_TASK INSTRUCTIONS:_
An exact transcription of the entries is required, with no images included.

_DATASET:_
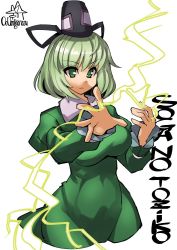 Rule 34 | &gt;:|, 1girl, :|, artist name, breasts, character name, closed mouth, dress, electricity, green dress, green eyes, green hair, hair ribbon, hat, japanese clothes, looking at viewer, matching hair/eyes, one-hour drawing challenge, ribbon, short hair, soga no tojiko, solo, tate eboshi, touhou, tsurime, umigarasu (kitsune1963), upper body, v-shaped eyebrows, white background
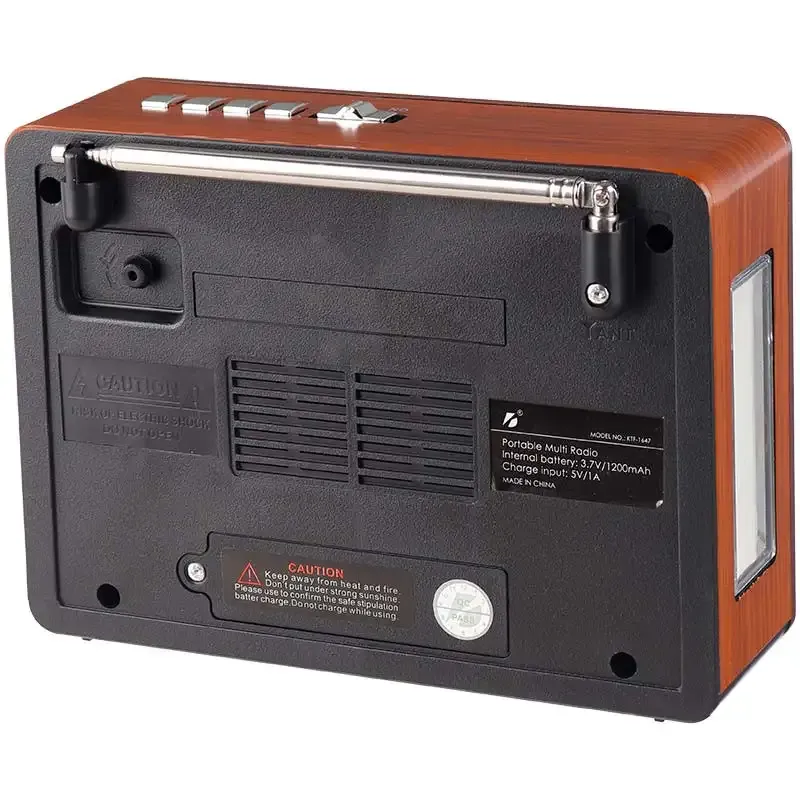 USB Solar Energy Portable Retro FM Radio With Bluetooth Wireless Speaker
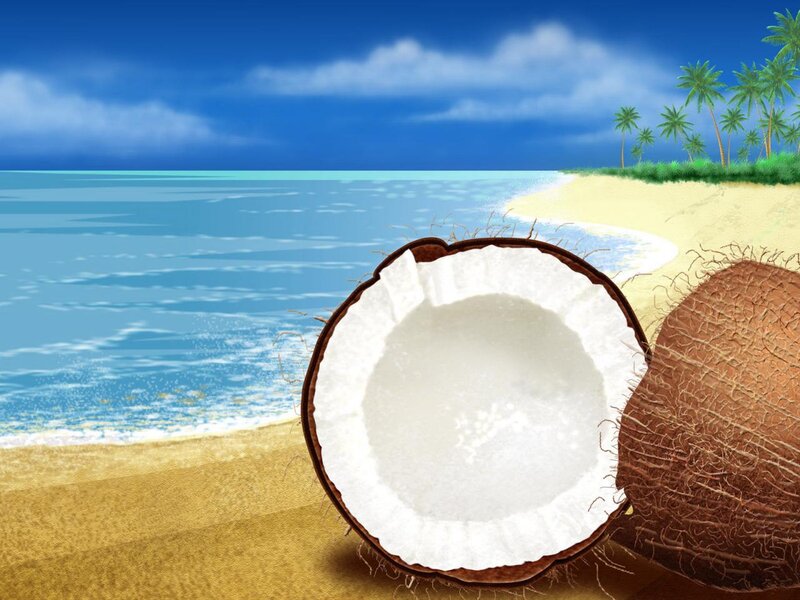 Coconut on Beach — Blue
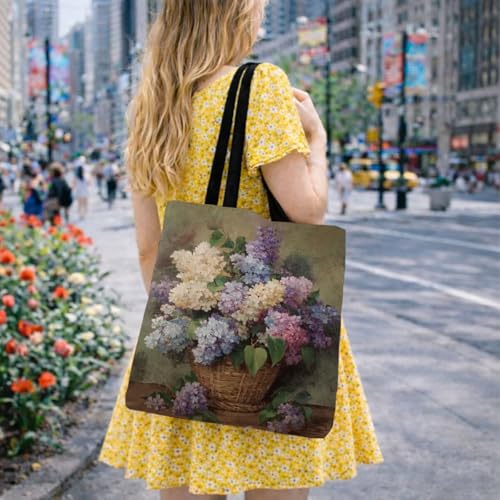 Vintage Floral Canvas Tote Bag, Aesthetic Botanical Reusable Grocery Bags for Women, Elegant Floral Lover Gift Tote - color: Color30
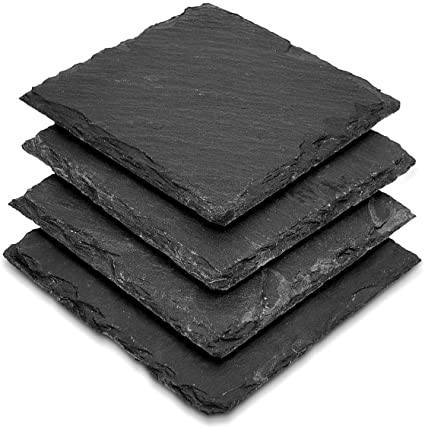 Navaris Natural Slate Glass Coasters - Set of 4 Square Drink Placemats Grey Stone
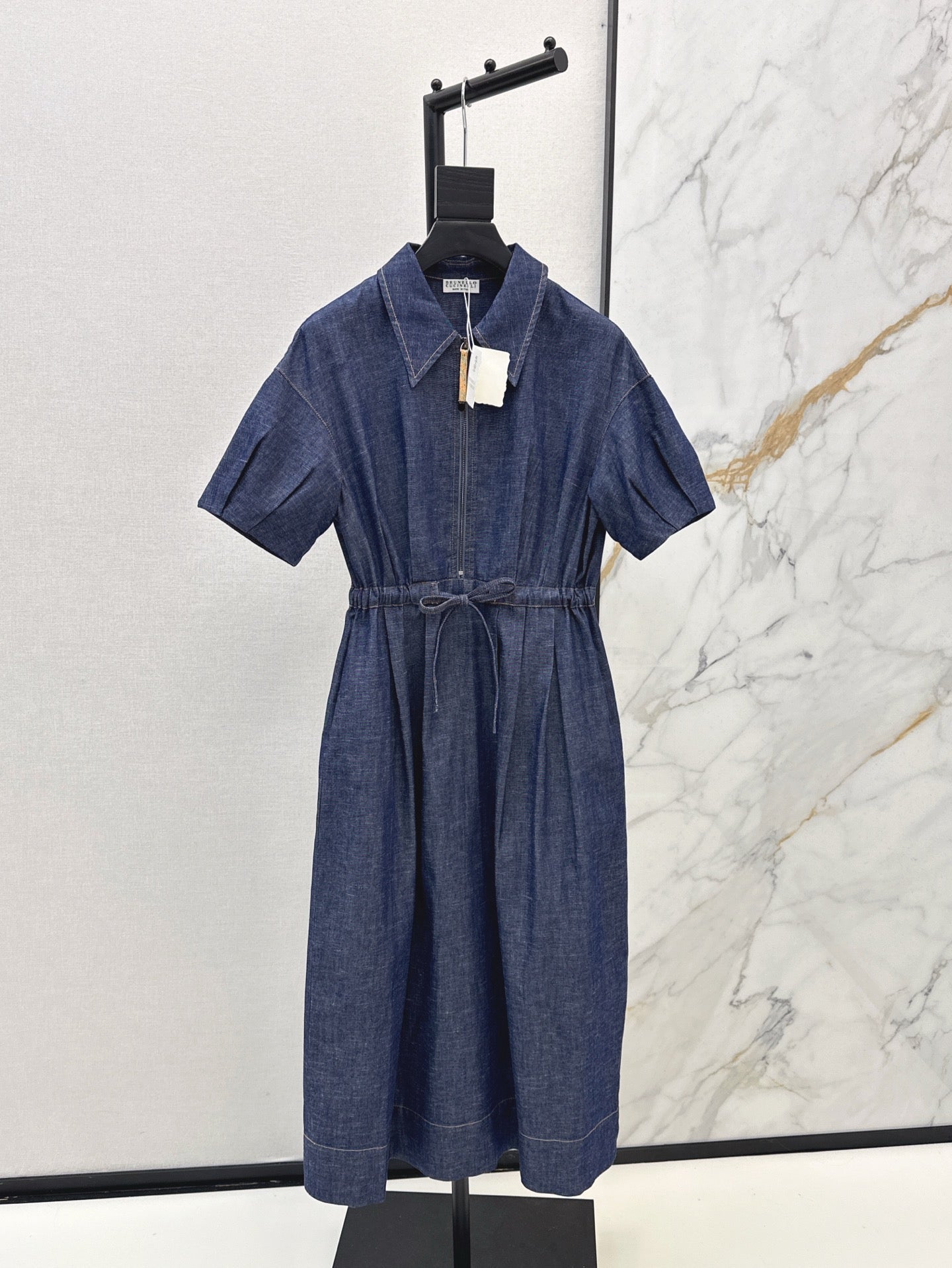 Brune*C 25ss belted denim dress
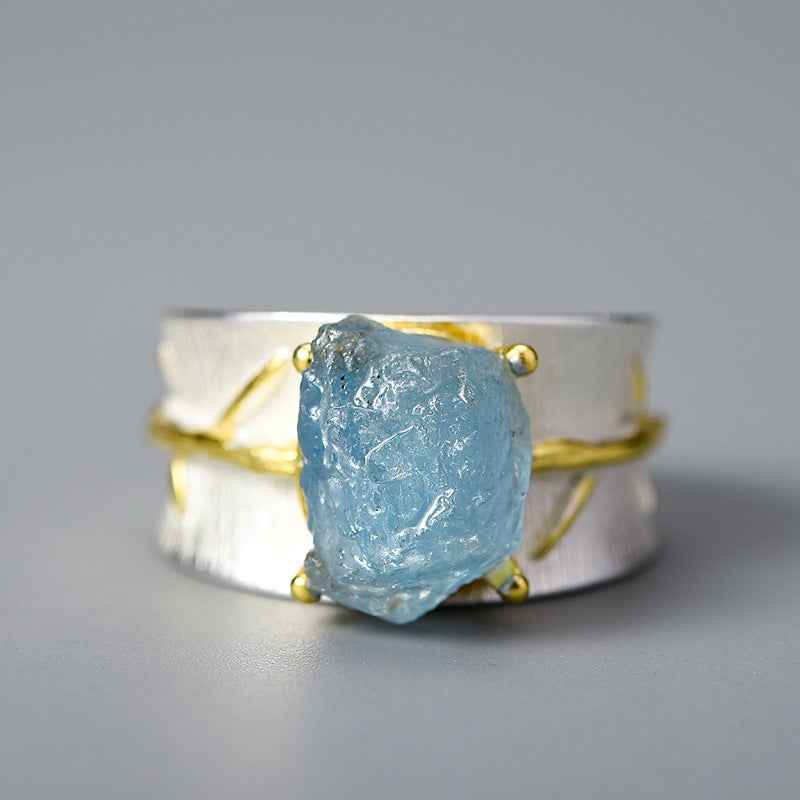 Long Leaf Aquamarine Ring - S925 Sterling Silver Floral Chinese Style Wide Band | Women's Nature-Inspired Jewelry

_YOUR SOLUTION:_
 Rule 34 | &gt;:|, 1girl, :|, artist name, breasts, character name, closed mouth, dress, electricity, green dress, green eyes, green hair, hair ribbon, hat, japanese clothes, looking at viewer, matching hair/eyes, one-hour drawing challenge, ribbon, short hair, soga no tojiko, solo, tate eboshi, touhou, tsurime, umigarasu (kitsune1963), upper body, v-shaped eyebrows, white background
 USB Solar Energy Portable Retro FM Radio With Bluetooth Wireless Speaker
 Coconut on Beach — Blue
 Vintage Floral Canvas Tote Bag, Aesthetic Botanical Reusable Grocery Bags for Women, Elegant Floral Lover Gift Tote - color: Color30
 Navaris Natural Slate Glass Coasters - Set of 4 Square Drink Placemats Grey Stone
 Brune*C 25ss belted denim dress
 Long Leaf Aquamarine Ring - S925 Sterling Silver Floral Chinese Style Wide Band | Women's Nature-Inspired Jewelry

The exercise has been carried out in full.